Lompat ke konten Lompat ke sidebar Lompat ke footer

Widget Atas Posting

Pengertian Nilai


BAB I
P E N D A H U L U A N
A. Latar Belakang Masalah
Manusia tidak dapat hidup tanpa nilai. Nilai sebagai sifat atau kualitas yang membuat sesuatu berharga, layak diingini dan dikehendaki, dipuji, dihormati, dan dijunjung tinggi, pantas dicari, diupayakan dan dicita-citakan perwujudannya, merupakan pemandu dan pengarah hidup kita sebagai manusia. Berdasarkan sistem nilai yang kita miliki dan kita anut kita memilih tindakan mana yang perlu dan bahkan wajib kita lakukan dan mana yang perlu dan wajib kita hindarkan.
Berdasarkan sistem nilai yang kita miliki dan kita anut, kita memberi arah, tujuan, dan makna pada diri dan keseluruhan hidup kia. Dengan kata lain, berdasarkan sistem nilai yang kita miliki dan dalam kenyataan kita hayati, akhirnya kita membentuk indentitas diri kita sebagai manusia dan bahkan menentukan nasib keabadian kita.”
Demikianlah kutipan yang diambil penulis dari kata pengantar J. Sudarminta dalam buku Paulus Wahana yang berjudul Nilai Etika Aksiologi Max Scheler. Dari kutipan di atas, manusia, demikianlah ia dinamakan, adalah manusia yang tidak hidup tanpa nilai. Sebab dengan nilai, manusia digerakkan untuk “maju selangkah”; manusia mengalami transformasi. Nilai. Ia tidak berada jauh dari hidup kita. Ia berada dekat degan hidup kita. Bahkan sangat dekat. Kehadirannya menuntut kesadaran kita. Kehadirannya bukanlah pertamatama berdasarkan pada pengalaman atau karena pengalamanlah maka kita mengetahui bahwa nilai sesuatu itu baik atau jelek atau nilai itu ada dan tidak ada.

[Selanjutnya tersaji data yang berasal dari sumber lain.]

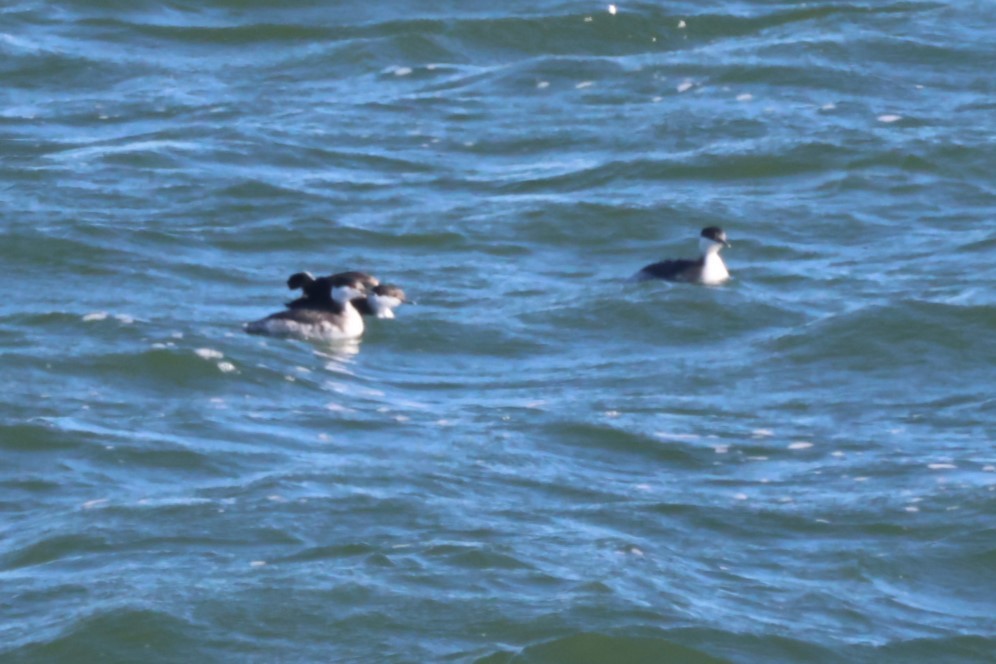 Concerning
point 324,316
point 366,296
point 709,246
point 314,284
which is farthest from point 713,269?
point 324,316

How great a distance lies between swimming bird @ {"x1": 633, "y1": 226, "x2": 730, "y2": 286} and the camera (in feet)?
65.6

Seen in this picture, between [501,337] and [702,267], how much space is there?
2183 mm

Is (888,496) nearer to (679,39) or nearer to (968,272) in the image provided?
(968,272)

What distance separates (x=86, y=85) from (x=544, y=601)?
1651cm

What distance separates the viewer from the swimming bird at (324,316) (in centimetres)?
1847

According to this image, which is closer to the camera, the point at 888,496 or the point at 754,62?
the point at 888,496

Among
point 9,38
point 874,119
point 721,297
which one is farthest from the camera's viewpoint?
point 9,38

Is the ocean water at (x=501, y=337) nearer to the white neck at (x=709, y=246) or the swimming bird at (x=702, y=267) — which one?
the swimming bird at (x=702, y=267)

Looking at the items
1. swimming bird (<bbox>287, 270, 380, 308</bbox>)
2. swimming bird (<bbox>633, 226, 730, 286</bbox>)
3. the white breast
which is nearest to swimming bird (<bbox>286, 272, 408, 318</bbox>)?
swimming bird (<bbox>287, 270, 380, 308</bbox>)

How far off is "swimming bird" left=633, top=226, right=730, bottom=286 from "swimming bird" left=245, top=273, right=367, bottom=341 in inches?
102

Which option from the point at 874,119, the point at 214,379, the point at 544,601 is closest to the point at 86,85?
the point at 874,119

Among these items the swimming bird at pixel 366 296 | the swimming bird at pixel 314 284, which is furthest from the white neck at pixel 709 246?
the swimming bird at pixel 314 284

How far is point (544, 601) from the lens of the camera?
41.1 feet

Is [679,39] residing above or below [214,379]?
above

Tidak! Saya tegaskan sekali lagi Tidak.
Nilai itu entah baik atau jahat ada dalam dirinya sendiri tanpa bergantung pada apa yang mengembannya. Ia tetap ada dalam dirinya sendairi. Sekarnag, kitalah yang berusaha agar apa yang bernilai itu kita sadari sehingga kita mengalami apa yang disebut mengidentifiksai plus menginternalisasi nilai. Jika demikian apa hubungan antara nilai dengan realitas pluralitas Indonesia? Hidup kita selalu dikelilingi dengan aneka nilai.
Dan nilai-nilai itu menuntut pertanggungjawaban kita artinya kita mempunyai tanggung jawab atas arah dan tujuan hidup kita tanpa mengabaikan nilai-nilai yang ada disekitar kita. Nilai-nilai yang ada disekitar kita termanifestasi dalam realitas pluralitas di Indonesia. Realitas yang menyimpan nilai-nilai yang mendorong dan mengarahkan manusia menuju kesejahteraan dan kebahagiaan hidup. Akan tetapi, manusia, justru menggunakan realitas itu sebagai senjata dan alsan untuk saling bermusuhan, saling bertikai satu sama lain. Jadi, agar realitas pluralitas yang tetap merupakan perbedaan tanpa mengalami pergeseran ke arah pertentangan dan yang masing-masingnya memiliki nilai yang ideal, maka perlulah kita memperlajari dan memahami nilai.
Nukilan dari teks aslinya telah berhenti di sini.